Kur’ân-ı Kerîm’de Cebrâil’den “ruh” ve “ruhumuz” diye bahsedilmekte, diğer
taraftan gerek ilk insanın yaratılmasında (el-Hicr 15/29; Sâd 38/72) gerekse
Meryem’in Îsâ’ya hamile kalmasında (el-Enbiyâ 21/91; et-Tahrîm 66/12) “ruhumdan
üfledim” ve “ruhumuzdan üfledik” denilmektedir. Bundan hareketle bazı
yorumcular “üfledim, üfledik” ifadeleriyle Allah’ın Cebrâil vasıtasıyla insanda
ruh yaratmasını kastettiğini söylemişlerdir. Buna göre, “Biz ona ruhumuzdan
üfledik” ifadesi, “Meryem’e üfleme işini ruhumuz vasıtasıyla yaptık” demektir
ki ruh Cebrâil olduğuna göre Meryem’e üfleyen de Cebrâil’dir. Rûhulkudüs’ün
Cebrâil olduğunu destekleyen bir başka delil Hz. Peygamber’in Hassân b. Sâbit’e
bir defasında, “Kureyş’i hicvet, Rûhulkudüs seninledir”, bir başka zaman da,
“Ve Cebrâil seninledir” demesidir. Nitekim Hassân b. Sâbit bir beytinde,
“Allah’ın elçisi Cibrîl bizdedir, Rûhulkudüs’ün eşi, benzeri yoktur” diyerek
Cibrîl ve Rûhulkudüs ile aynı varlığı kastetmiştir. “De ki: Rûhulkudüs onu
rabbinden hak olarak indirmiştir” âyetinde (en-Nahl 16/102) Kur’an’ı indirenin
Rûhulkudüs olduğu belirtilmektedir. Kur’an’ı Hz. Peygamber’e indiren Cebrâil
olduğundan bu âyet de Rûhulkudüs’ün Cebrâil olduğunu göstermektedir. Rûhulkudüs
Cebrâil olduğuna ve bütün peygamberlere o vahiy getirdiğine göre Hz. Îsâ’nın
Rûhulkudüs ile desteklendiğine dair ifade (el-Bakara 2/87, 253; el-Mâide
5/110), doğumunun bizzat onun tarafından müjdelenmesi ve bizzat onun
üflemesiyle annesinin hamile kalması şeklinde açıklanmaktadır.
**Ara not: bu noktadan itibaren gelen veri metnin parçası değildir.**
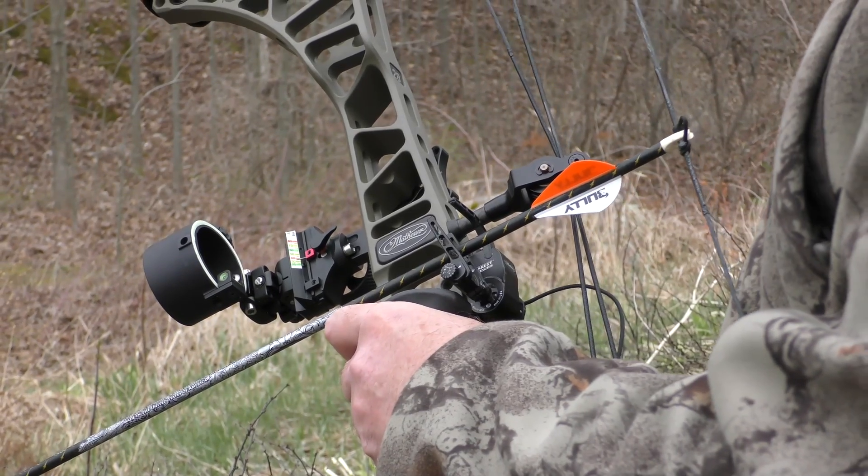Easton uses a totally different process than traditional arrow manufacturers. To understand the benefits of what Easton does, I'm going to first explain how regular arrows are made.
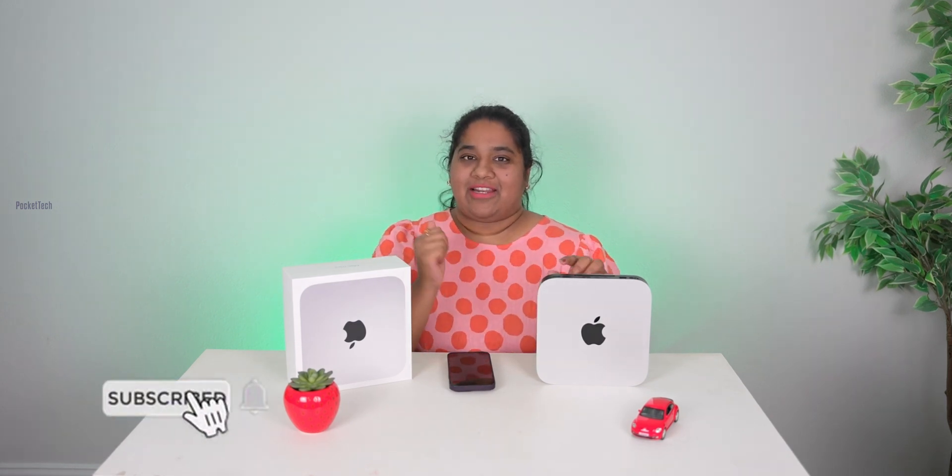For around the same price range, you could also consider a 14-inch M2 MacBook Pro if you need portability. You can also use an M2 MacBook Air as an equivalent performance option. The Apple Mac Mini will be budget-friendly with the best performance in the M2 series. If you enjoyed this unboxing, like and share the video. Thank you so much for watching — bye!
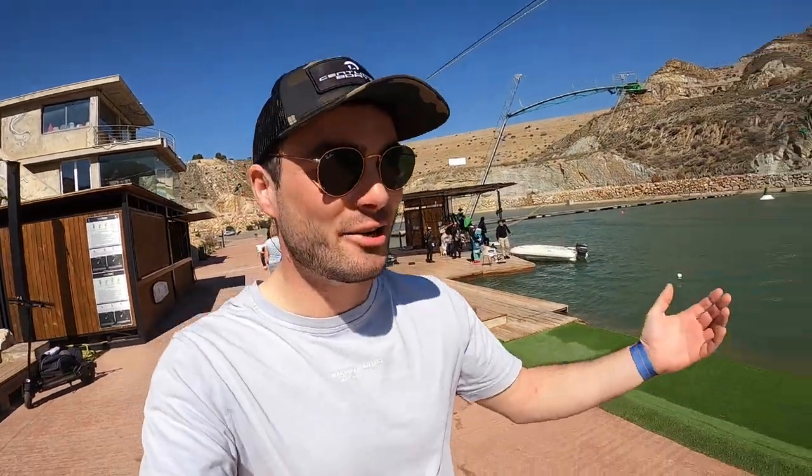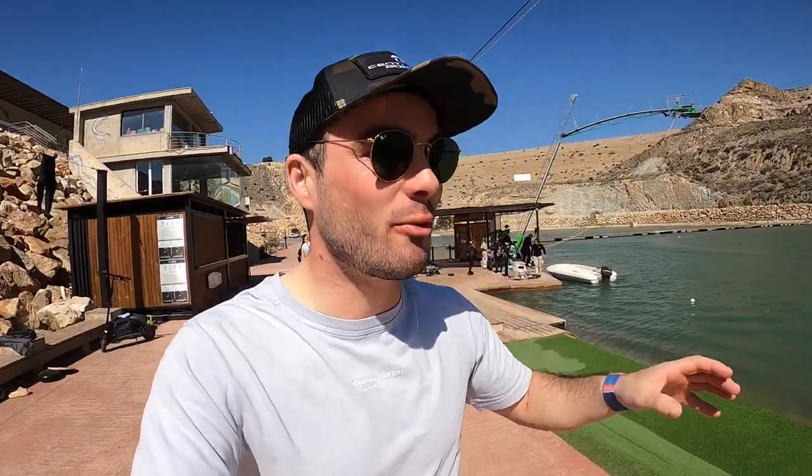Welcome to Spain! We've got away for a little February/March break. This is Lunar Wake Park and it's probably one of the best in Europe, if not the best. I've never been here before and don't actually know the story behind it or how long it's been open, but it's got some really high quality obstacles and we're here for about a week.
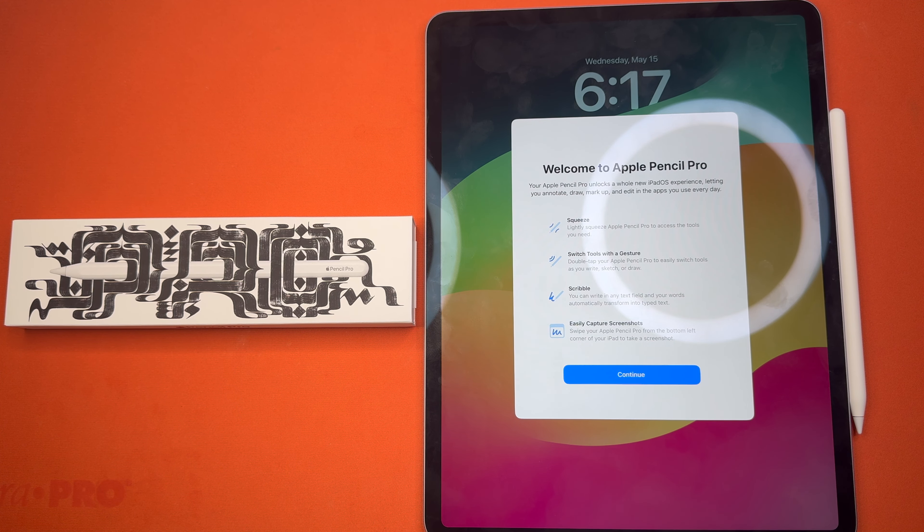With that, I do believe that is the end of our Apple Pencil Pro unboxing. Let us know down in the comments if there's anything else you would like us to unbox, and we'll catch you guys next time.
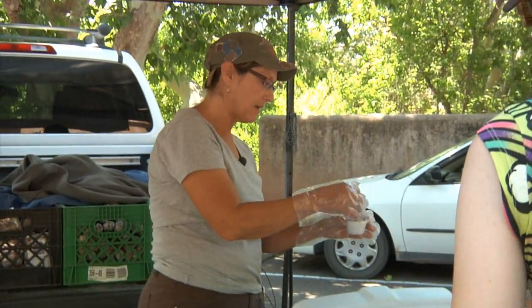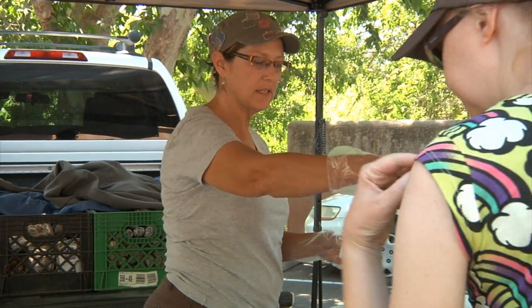This is our spinach, and there's a little bit of tomato in there. It has just olive oil and sea salt on it. Would you like to try it?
Kutsal ruh (ruah ha-kodeş) tabiri Rabbânî literatürde benimsenmiş olsa da Eski
Ahid’de daha ziyade Tanrı’nın ruhu (ruah El / Elohim / Yehova) ifadesi yer alır
(Eyub, 27/3; 33/4; krş. Mezmurlar, 51/13; İşaya, 63/10). Bu ifade Tanrı’nın
sözü ve nefesi, varlığın ve her yaratılmışın temelinde mevcut olan hayatî
kuvvet olarak anlaşılmıştır. Daha dar mânasıyla ilâhî ilham ve vahiyle
bağlantılı biçimde kullanılan kutsal ruh ya da Tanrı’nın ruhu kavramı,
Tanrı’nın kendi iradesini gerçekleştirmek veya mesajını aktarmak için dilediği
kişiler üzerinde etkili kıldığı kuvvet şeklinde de nitelendirilmiştir (Çıkış,
31/3; Hâkimler, 3/10; II. Samuel, 23/2; İşaya, 42/1; Hezekiel, 2/2). Bu durumda
kutsal ruh, söz konusu seçilmiş kişileri güç ve akılla destekleyen veya
peygamberi vahyi almaya hazırlayan kuvvet olmaktadır (bk. İLHAM). Dünya
yaratılmadan önce yaratılmış on şeyden biri olarak nitelendirilmesine (Haggai,
12, a, b) ve bazan rüzgâr, ışık veya ses biçiminde tasvir edilmesine rağmen
yahudi geleneğinde bu kavram Tanrı’dan ayrı ya da bağımsız bir varlık olarak
görülmemiş, Tanrı yerine geçecek şekilde sıkça kullanılmıştır.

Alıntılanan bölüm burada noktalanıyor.